Monday, April 15

Supreme Court to Consider Social Media Laws From Texas and Florida

The Supreme Court will hear arguments on Monday in a pair of cases that could fundamentally change discourse on the internet by defining, for the first time, what rights social media companies have to limit what their users can post.

The court’s decision, expected by June, will almost certainly be its most important statement on the scope of the First Amendment in the internet era, and it will have major political and economic implications. A ruling that tech platforms like Facebook, YouTube and TikTok have no editorial discretion to decide what posts to allow would expose users to a greater variety of viewpoints but almost certainly amplify the ugliest aspects of the digital age, including hate speech and disinformation.

That, in turn, could deal a blow to the platforms’ business models, which rely on curation to attract users and advertisers.

The laws’ supporters said they were an attempt to combat what they called Silicon Valley censorship, through which major social media companies had deleted posts expressing conservative views. The laws were prompted in part by the decisions of some platforms to bar President Donald J. Trump after the Jan. 6, 2021, attack on the Capitol.

The laws, from Florida and Texas, differ in their details. Florida’s prohibits the platforms from removing any content based on a user’s viewpoint, while Texas’ prevents the platforms from permanently barring candidates for political office in the state.

“To generalize just a bit,” Judge Andrew S. Oldham wrote in a decision upholding the Texas law, the Florida law “prohibits all censorship of some speakers,” while the one from Texas “prohibits some censorship of all speakers” when based on the views they express.

The two trade associations challenging the state laws — NetChoice and the Computer & Communications Industry Association — said that the actions Judge Oldham called censorship were editorial choices protected by the First Amendment, which generally prohibits government restrictions on speech based on content and viewpoint.

The groups said that social media companies were entitled to the same constitutional protections enjoyed by newspapers, which are generally free to publish what they like without government interference.

The states responded that internet platforms were common carriers required to transmit everyone’s messages and that the laws protected free speech by ensuring that users have access to many points of view.

Federal appeals courts reached conflicting conclusions in 2022 about the constitutionality of the two laws.

A unanimous three-judge panel of the U.S. Court of Appeals for the 11th Circuit largely upheld a preliminary injunction blocking Florida’s law.

“Social media platforms exercise editorial judgment that is inherently expressive,” Judge Kevin C. Newsom wrote for the panel. “When platforms choose to remove users or posts, deprioritize content in viewers’ feeds or search results or sanction breaches of their community standards, they engage in First Amendment-protected activity.”

But a divided three-judge panel of the Fifth Circuit reversed a lower court’s order blocking the Texas law.

“We reject the platforms’ attempt to extract a freewheeling censorship right from the Constitution’s free speech guarantee,” Judge Oldham wrote for the majority. “The platforms are not newspapers.

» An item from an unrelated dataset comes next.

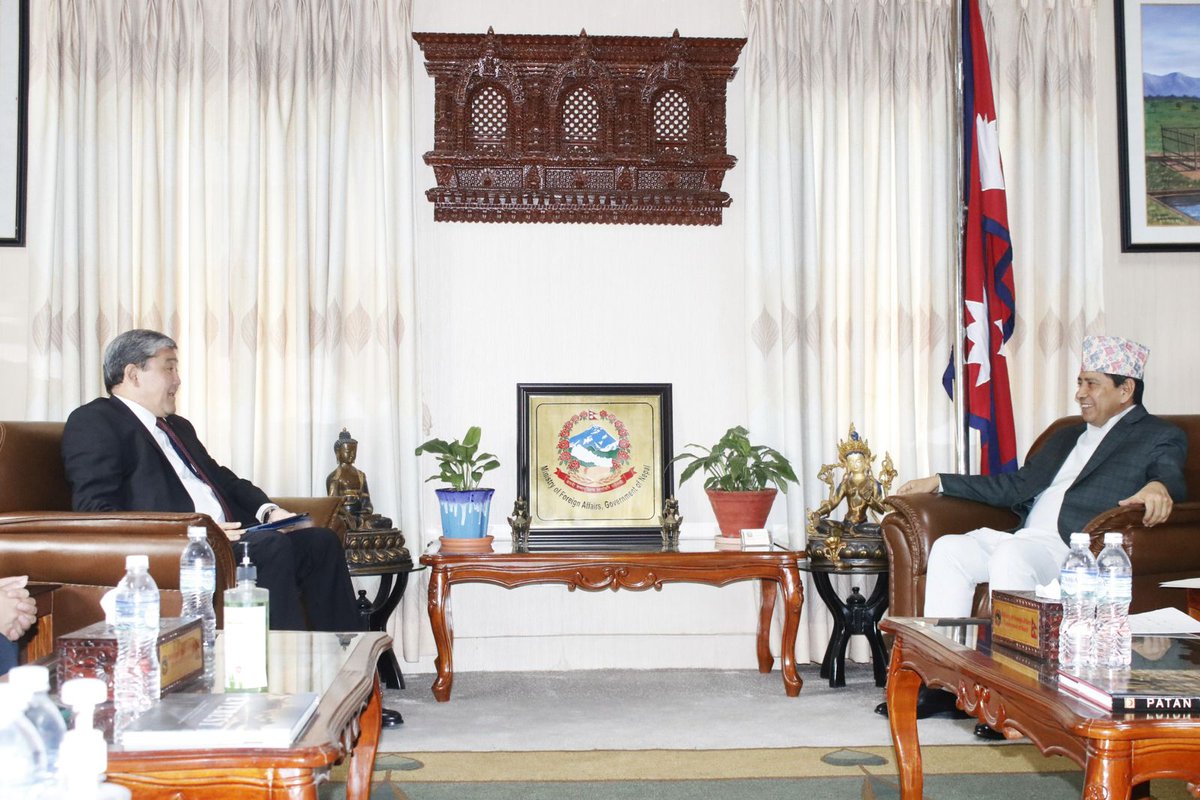 Newly appointed non-resident Ambassador of the Kyrgyz Republic to Nepal H.E. Mr. Askar Beshimov paid a courtesy call on Deputy Prime Minister and Minister for Foreign Affairs Hon. Mr. Narayan Kaji Shrestha today.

Their censorship is not speech.”

The Biden administration supports the social media companies in the two cases, Moody v. NetChoice, No. 22-277, and NetChoice v. Paxton, No. 22-555.

The Supreme Court blocked the Texas law in 2022 while the case moved forward by a 5-to-4 vote, with an unusual coalition in dissent. The court’s three most conservative members — Justices Samuel A. Alito Jr., Clarence Thomas and Neil M. Gorsuch — filed a dissent saying they would have let the law go into effect. Justice Elena Kagan, a liberal, also dissented, though she did not join the dissent and gave no reasons of her own.

Justice Alito wrote that the issues were so novel and significant that the Supreme Court would have to consider them at some point. He added that he was skeptical of the argument that the social media companies have editorial discretion protected by the First Amendment the way newspapers and other traditional publishers do.

“It is not at all obvious,” he wrote, “how our existing precedents, which predate the age of the internet, should apply to large social media companies.”